The shortbread biscuit is something with which I have an infinite love affair. I cannot find a better biscuit to top with icing, nor to have plain with a cup of tea or to dunk in chocolate when a particular harsh storm knocks at the door. They are as famous in a tartan tin as anything else you'd find at your gran's house and are all the better for it. These little lovies are changed ever so slightly with the addition of zesty lemon and fragrant almonds but don't fret as there's more than enough butter in here to keep them as crisp as you like!

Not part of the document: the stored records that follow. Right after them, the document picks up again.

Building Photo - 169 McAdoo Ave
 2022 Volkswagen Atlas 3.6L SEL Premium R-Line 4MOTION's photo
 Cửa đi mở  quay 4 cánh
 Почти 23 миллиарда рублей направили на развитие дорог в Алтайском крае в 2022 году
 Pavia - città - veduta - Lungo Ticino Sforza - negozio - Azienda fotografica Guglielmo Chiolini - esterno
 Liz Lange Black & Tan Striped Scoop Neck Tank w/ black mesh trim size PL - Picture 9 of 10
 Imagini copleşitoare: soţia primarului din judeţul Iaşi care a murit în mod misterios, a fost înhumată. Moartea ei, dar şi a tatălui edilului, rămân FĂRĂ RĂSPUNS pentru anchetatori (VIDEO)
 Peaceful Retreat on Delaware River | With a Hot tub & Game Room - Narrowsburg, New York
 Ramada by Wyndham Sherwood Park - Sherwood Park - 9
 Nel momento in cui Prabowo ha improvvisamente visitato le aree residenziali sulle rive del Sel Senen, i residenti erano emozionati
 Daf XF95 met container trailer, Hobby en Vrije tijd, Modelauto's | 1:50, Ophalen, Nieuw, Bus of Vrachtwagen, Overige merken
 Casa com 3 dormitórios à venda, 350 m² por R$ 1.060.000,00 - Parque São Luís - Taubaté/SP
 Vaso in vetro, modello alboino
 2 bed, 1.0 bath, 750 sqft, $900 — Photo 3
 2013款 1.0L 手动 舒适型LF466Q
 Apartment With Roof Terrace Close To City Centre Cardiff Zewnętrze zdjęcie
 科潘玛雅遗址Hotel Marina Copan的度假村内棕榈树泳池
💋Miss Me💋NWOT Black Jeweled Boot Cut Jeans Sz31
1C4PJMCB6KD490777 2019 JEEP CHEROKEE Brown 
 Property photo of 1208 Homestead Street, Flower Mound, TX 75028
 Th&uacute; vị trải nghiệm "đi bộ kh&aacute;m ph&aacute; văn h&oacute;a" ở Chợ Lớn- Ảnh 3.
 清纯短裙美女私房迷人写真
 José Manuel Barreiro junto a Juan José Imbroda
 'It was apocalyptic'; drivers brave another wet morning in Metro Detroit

Makes: 12-15 (depending on size)
Ingredients:
60g golden granulated sugar
40g caster sugar
2 lemons, zest
170g butter
200g plain flour
110g ground almonds
Extra caster sugar, for dusting
Start by beating together your sugars, lemon zest and butter to release the lemons' essential oils. Keep going for a solid 5 minutes or until the butter is nice and fluffy. Pop in the fridge to harden for around 20-30 minutes. Sift your flour in, and gently rub together with your fingertips using a quick twisting motion to ensure your hands don't stay in the bowl too long and warm it up. Sprinkle in your ground almonds and use a knife to cut it through the dough, adding a splash of water if it needs a little help coming together. Wrap the dough in cling film and leave to chill for another 30 minutes or so in the fridge.
Meanwhile, sprinkle some flour on to your work surface and if you're using a metal or marble rolling pin, pop it in the freezer for a few minutes to ensure it's super cold. Preheat your oven to 180c.
When the dough is nice and chilled, roll out to around 1cm thick and cut whatever shapes you'd like from it - for Valentine's I've done some lovely hearts but also some broken ones to stand in solidarity with those who indeed aren't looking for any type of love this year! Freehand is always fun with a sharp knife too. Transfer to a lined baking tray and bake for 10 minutes. Leave on the tray to harden for a good 10 minutes after they come out of the oven or they'll fall to pieces. When nearly cool, transfer to a cooling rack and sprinkle caster sugar over them from a height to ensure it sprinkles thinly and in a nice even layer. Leave to cool completely and then devour straight away with a cuppa!